Stored data entries
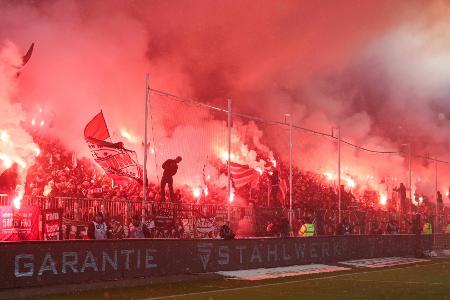 Pyro-Einsatz im Derby: Über 100.000 Euro Strafe für St. Pauli Pyro-Einsatz im Derby: Über 100.000 Euro Strafe für St. Pauli
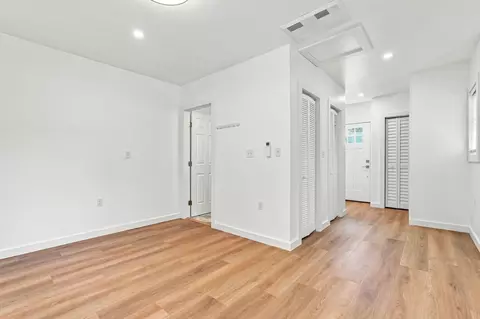 Entry Way - 204 River Dr, Hadley, MA 01035 photo 5 of 5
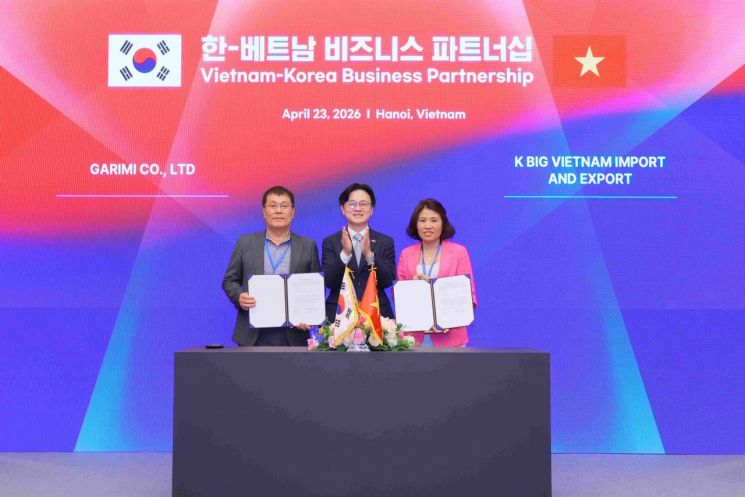 대한무역투자진흥공사(코트라)가 23일 베트남 하노이 국립컨벤션센터에서 ‘한-베트남 비즈니스 파트너십’을 개최했다. 우리 기업은 베트남 바이어와 총 24건, 8209만 달러 규모 수출 계약을 체결했다. (왼쪽부터) 박용철 가리미 회장, 김정관 산업통상부 장관, 부 티 늉(Vu Thi Nhung) 케이빅 대표. 코트라.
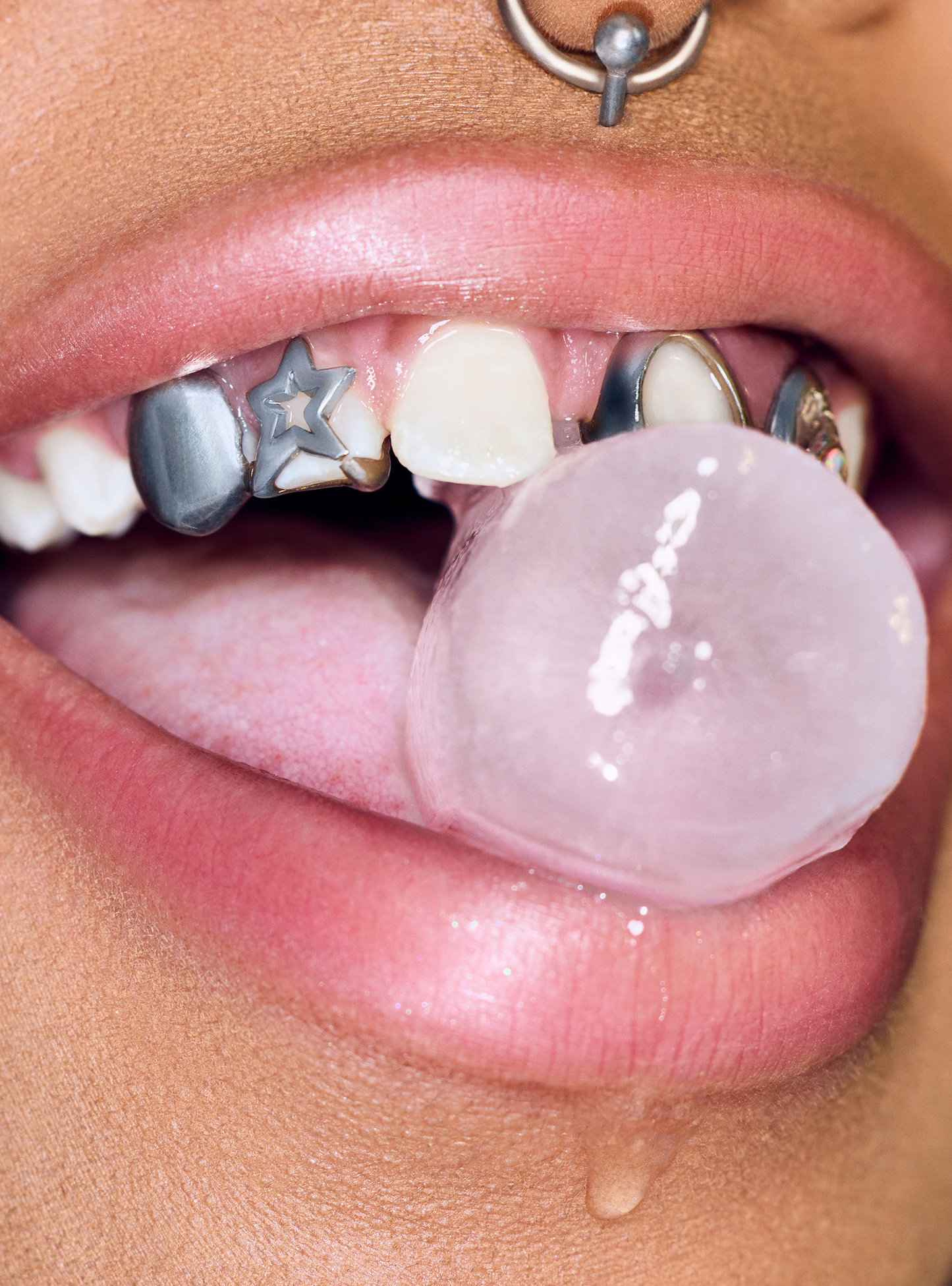 💗LAST DAY PROMOTION - 57%OFF- BUY 1 GET 1 FREE💗INVISIBLE EXTREME PLUMPING LIP LINER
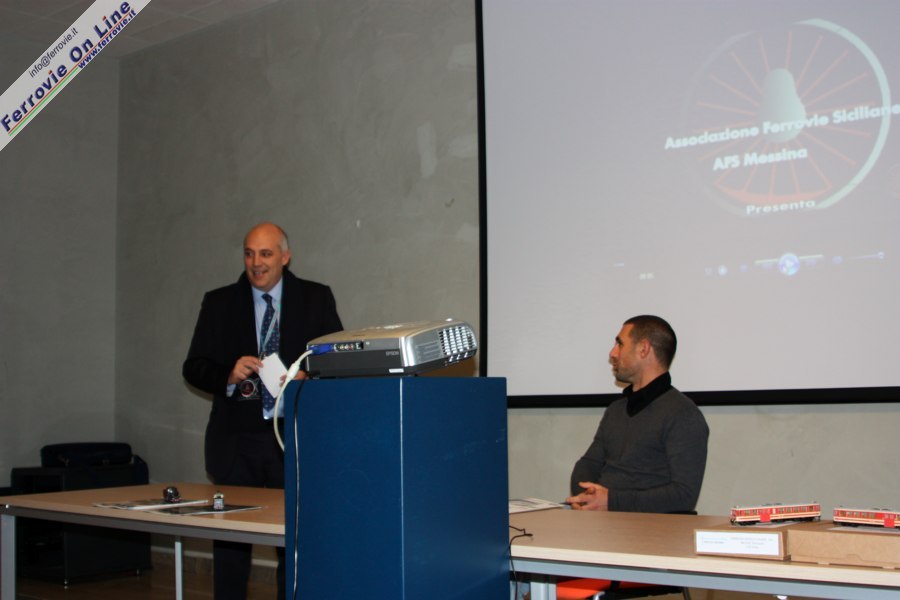 Fabrizio Battino di Os.Kar mentre presenta la 625.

▶ Exercise goal
Retype the lines exactly as they appear, beginning with the line that contains "대한무역투자진흥공사(코트라)가 23일 베트남" and ending with the final line of the entries, and omit the pictures.

▶ Your solution
 대한무역투자진흥공사(코트라)가 23일 베트남 하노이 국립컨벤션센터에서 ‘한-베트남 비즈니스 파트너십’을 개최했다. 우리 기업은 베트남 바이어와 총 24건, 8209만 달러 규모 수출 계약을 체결했다. (왼쪽부터) 박용철 가리미 회장, 김정관 산업통상부 장관, 부 티 늉(Vu Thi Nhung) 케이빅 대표. 코트라.
 💗LAST DAY PROMOTION - 57%OFF- BUY 1 GET 1 FREE💗INVISIBLE EXTREME PLUMPING LIP LINER
 Fabrizio Battino di Os.Kar mentre presenta la 625.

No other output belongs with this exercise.